3 Replies Latest reply on Feb 7, 2012 5:17 PM by jeff_golds

    L1CacheHit on Radeon 5870 with global memory


      Hello, I thought caching for global memory fetches is not possible at this time? How is it possible that gdebugger and the amd app profiling tool say that I have a cachehit of nearly fiffty percent for a simple 7-point stencil kernel?

        • Re: L1CacheHit on Radeon 5870 with global memory

          Caching has been supported in various forms since SDK 2.3. It started out as explicitly specified and then moved to auto-detection for caching and then in SDK 2.6 move to caching by default and auto-detection for uncached.

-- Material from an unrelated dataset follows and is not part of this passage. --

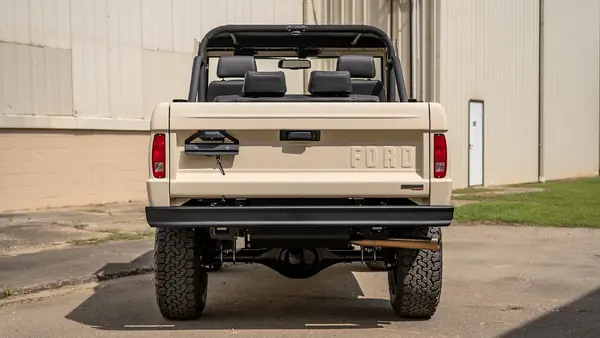 Early Ford Bronco For Sale_0000s_0035_DSC0008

            • Re: L1CacheHit on Radeon 5870 with global memory

              Thx for the answer. I didn't know that. So the following kernel has an execution time for a 128x128x128 problem size of approx. 250.000 ns on my Radeon 5870.


              #define IX33(i,j,k) ((i) + ((X)*(j)) + ((X)*(Y)*(k)))
              __kernel void jacobi(__global float * x,
                                   __global float * x0,
                                   __global float * aux,
                                   const float a)
                  int i = get_global_id(0);
                  int j = get_global_id(1);
                  int k = get_global_id(2);
                  int X = get_global_size(0);
                  int Y = get_global_size(1);
                  int Z = get_global_size(2);
                  int minCoord = 0;
                  int maxCoord = X-1;
                  float out;
                  out = ( (x[IX33(max(i-1,minCoord),j,k)] + x[IX33(min(i+1,maxCoord),j,k)]  +
                                              x[IX33(i,max(j-1,minCoord),k)] + x[IX33(i,min(j+1,maxCoord),k)]  +
                                              x[IX33(i,j,max(k-1,minCoord))] + x[IX33(i,j,min(k+1,maxCoord))]) +
                                             ac.x * x0[IX33(i,j,k)]) * a;
                      aux[IX33(i,j,k)]  = out;


              So when I calculate the memory throughput with 32 byte *128 *128 *128 / 250.000 ns = 268GB/s there has to be something wrong with my calculation right?